Email impersonation attacks, a form of Business Email Compromise (BEC), are becoming increasingly common and sophisticated. According to the FBI's Internet Crime Complaint Center, BEC attacks topped the list of cybercrime complaints, with adjusted losses of over $2.7 billion in 2022.

What is an impersonation attack? In email impersonation scams, a bad actor pretends to be a trusted person or organization to steal money or sensitive information via email. The trusted entity being spoofed could be anyone — a high-level executive, colleague, vendor, or a consumer brand that emails you regularly.

Scammers blend impersonation with other techniques to defraud organizations and steal account credentials. Unfortunately, victims often don’t realize their fate for days or weeks after the fraud.

So what can you do to keep your business safe? Here are eight tips to protect your business against email impersonation attacks.
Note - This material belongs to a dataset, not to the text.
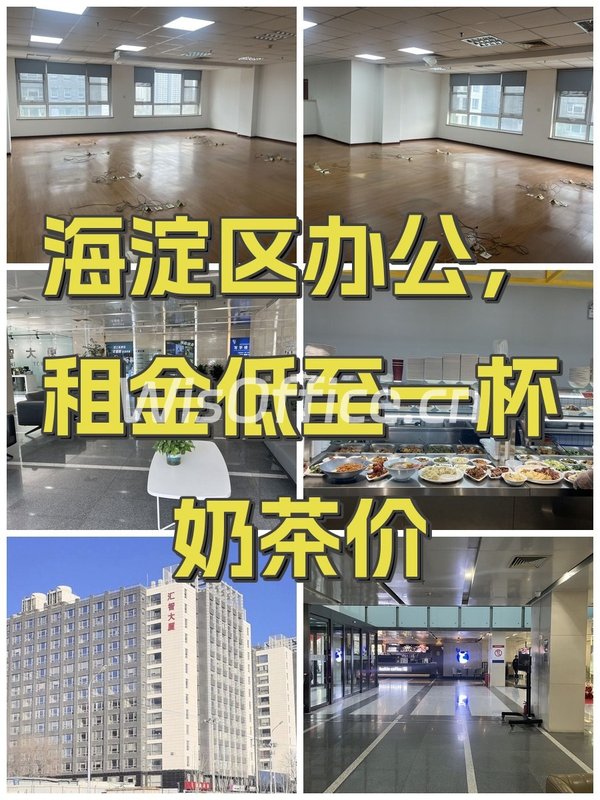 海淀区办公，租金低至一杯奶茶价 - 首图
• Tip 1: Educate Your Employees
• Tip 2: Watch For Social Engineering Cues
• Tip 3: Monitor For Unusual Activity
• Tip 4: Always Do a Context Check on Emails
• Tip 5: Check for Email Address and Sender Name Deviations
• Tip 6: Learn the ‘Greatest Hits’ of Impersonation Phrases
• Tip 7: Use Secondary Channels of Authentication
• Tip 8: Implement Integrated Cloud Email Security

Tip 1: Educate Your Employees

The first line of defense against email impersonation attacks is your employees. Offer regular security awareness training on email impersonation scams, like spoofing and spear phishing attacks. Give them examples of what to look out for, such as requests to share sensitive information or urgent requests to transfer money.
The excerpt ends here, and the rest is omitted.